** Problem statement **
Lines from the one with "Boenig B-17F - LööK [HKM]" up to and including the one with "Купить Обои Rasch" are to be copied exactly from the records below, without their pictures.

** Data to process **
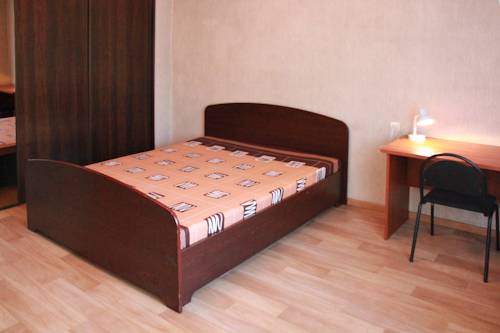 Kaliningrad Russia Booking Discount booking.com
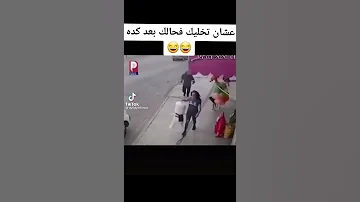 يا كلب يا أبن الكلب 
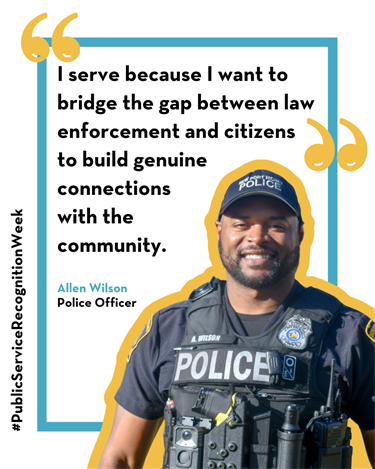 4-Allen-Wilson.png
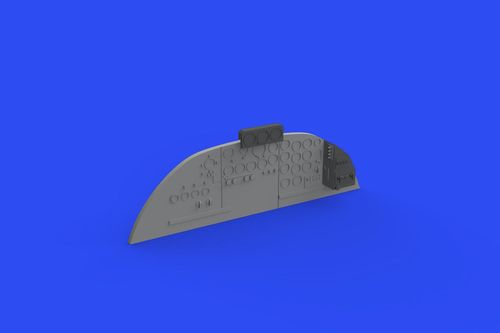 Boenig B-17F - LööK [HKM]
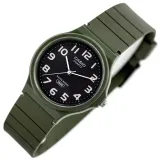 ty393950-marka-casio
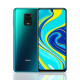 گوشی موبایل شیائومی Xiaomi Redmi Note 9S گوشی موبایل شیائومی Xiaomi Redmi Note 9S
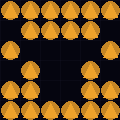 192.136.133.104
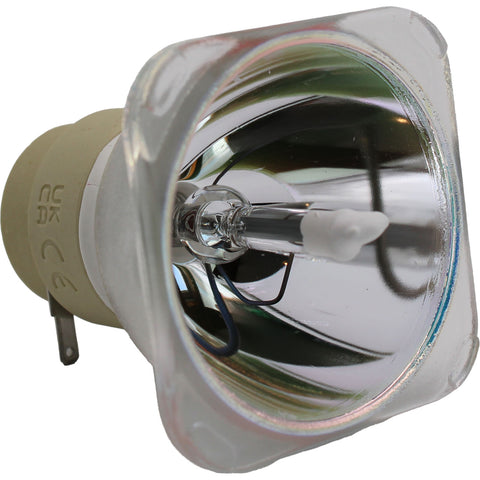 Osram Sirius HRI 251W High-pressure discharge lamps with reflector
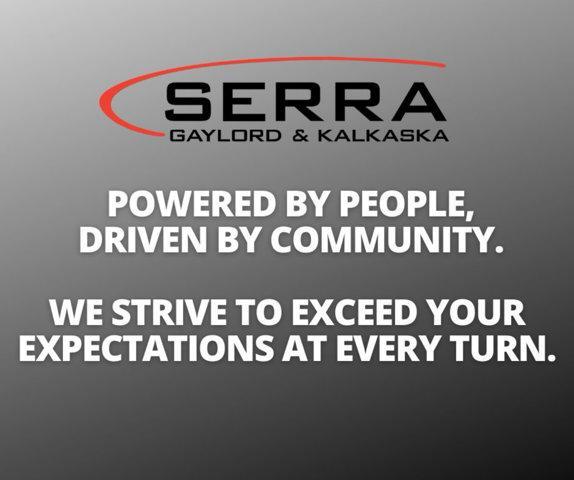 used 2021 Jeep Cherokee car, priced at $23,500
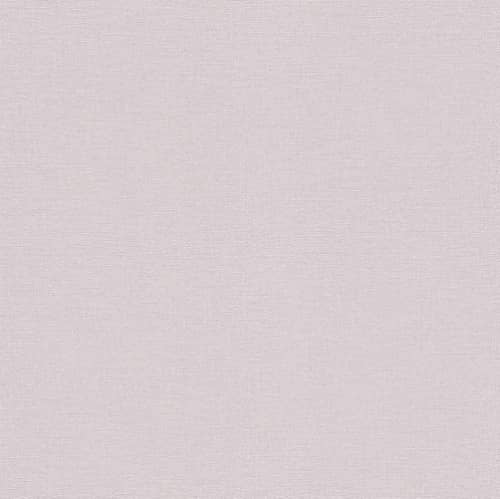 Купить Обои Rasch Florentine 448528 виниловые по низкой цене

...

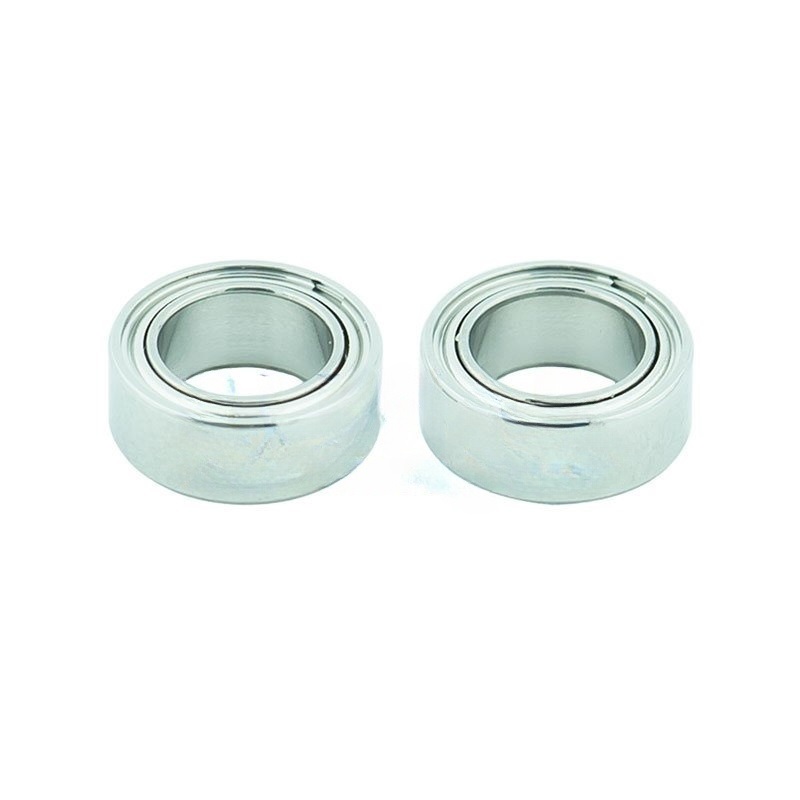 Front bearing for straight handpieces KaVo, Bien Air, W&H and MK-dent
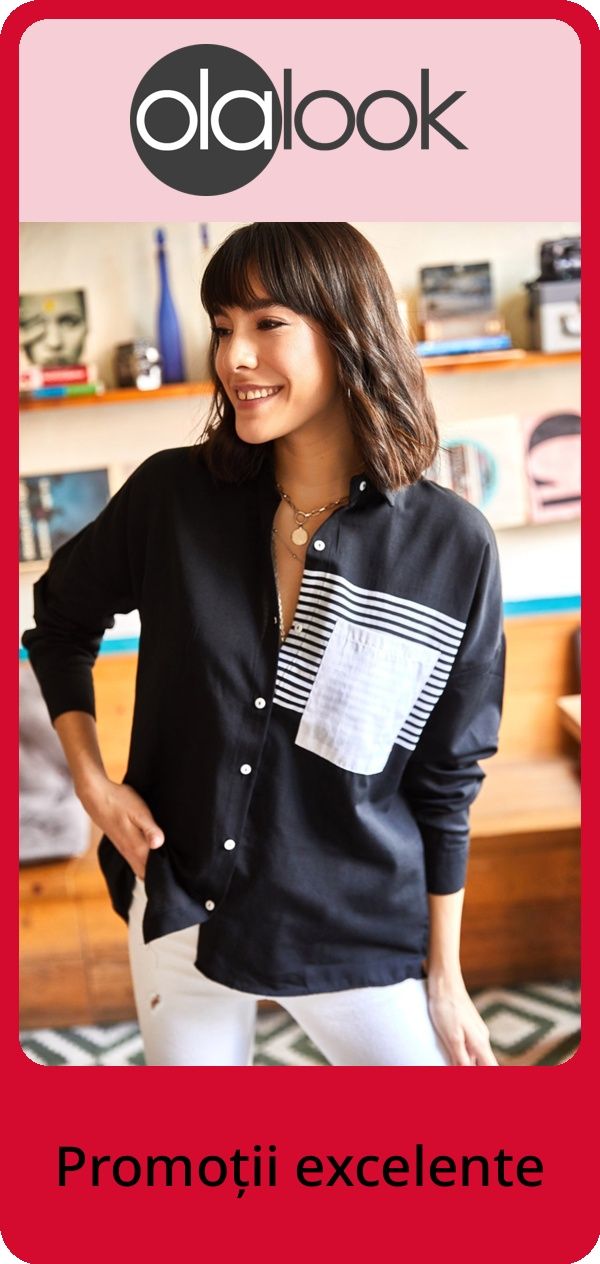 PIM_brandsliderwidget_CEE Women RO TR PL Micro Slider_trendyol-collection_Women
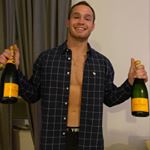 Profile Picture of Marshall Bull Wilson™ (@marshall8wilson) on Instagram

** Solved exercise **
 Boenig B-17F - LööK [HKM]
 ty393950-marka-casio
 گوشی موبایل شیائومی Xiaomi Redmi Note 9S گوشی موبایل شیائومی Xiaomi Redmi Note 9S
 192.136.133.104
 Osram Sirius HRI 251W High-pressure discharge lamps with reflector
 used 2021 Jeep Cherokee car, priced at $23,500
 Купить Обои Rasch Florentine 448528 виниловые по низкой цене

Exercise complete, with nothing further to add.